04 | Jingtai viewpoint: Differentiation has emerged, and opportunities lie within it. Currently, the domestic big model race mainly includes three categories: one is the general big model that targets GPT, and the other is the company that focuses on the basic layer; One type is to train vertical big models based on open source big models, focusing on vertical industry enterprises; The other type is pure application companies that focus on specific applications. The cost and resources required for training domain (vertical) models are much lower than starting from scratch to create a universal model.

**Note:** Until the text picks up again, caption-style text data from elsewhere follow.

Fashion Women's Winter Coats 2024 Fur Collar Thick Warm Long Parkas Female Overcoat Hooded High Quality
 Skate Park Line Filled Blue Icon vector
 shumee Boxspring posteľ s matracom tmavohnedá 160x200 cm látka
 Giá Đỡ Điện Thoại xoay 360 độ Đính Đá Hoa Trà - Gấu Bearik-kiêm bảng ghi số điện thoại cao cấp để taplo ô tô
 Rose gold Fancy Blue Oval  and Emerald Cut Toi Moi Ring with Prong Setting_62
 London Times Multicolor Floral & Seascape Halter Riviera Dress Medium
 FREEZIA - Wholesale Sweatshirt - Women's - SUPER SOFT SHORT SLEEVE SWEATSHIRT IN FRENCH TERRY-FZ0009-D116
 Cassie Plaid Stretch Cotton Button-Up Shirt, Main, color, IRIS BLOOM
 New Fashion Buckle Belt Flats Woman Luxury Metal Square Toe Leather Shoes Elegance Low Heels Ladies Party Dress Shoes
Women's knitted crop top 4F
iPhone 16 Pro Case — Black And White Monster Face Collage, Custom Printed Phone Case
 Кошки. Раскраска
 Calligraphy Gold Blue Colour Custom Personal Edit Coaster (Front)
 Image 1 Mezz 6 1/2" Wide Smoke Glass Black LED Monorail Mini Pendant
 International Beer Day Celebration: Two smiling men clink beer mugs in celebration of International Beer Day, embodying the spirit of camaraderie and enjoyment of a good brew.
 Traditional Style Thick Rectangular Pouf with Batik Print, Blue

Therefore, from the perspective of business logic, most companies do not have the ability to create universal large models, giants are more suitable for creating universal large models, and companies with rich scene data accumulation are more suitable for creating vertical models. The vertical model mainly focuses on deeply addressing industry needs, which means that enterprises train "industrial version GPTs" that are suitable for themselves in their fields of expertise. The content generated by such large models is more in line with the needs of specific vertical scenarios and has higher quality. Currently, many vertical class models can be seen to be applied in scenarios such as finance, healthcare, and trading. For example, Bloomberg developed the Bloomberg GPT, a financial exclusive model, based on its rich financial data resources and retrained using the GPT-3 framework. In addition to the two common models mentioned above, there is currently a company specializing in application development on the domestic big model entrepreneurship track, which does not have a research and development team and calls interfaces from existing big models to develop products and operations.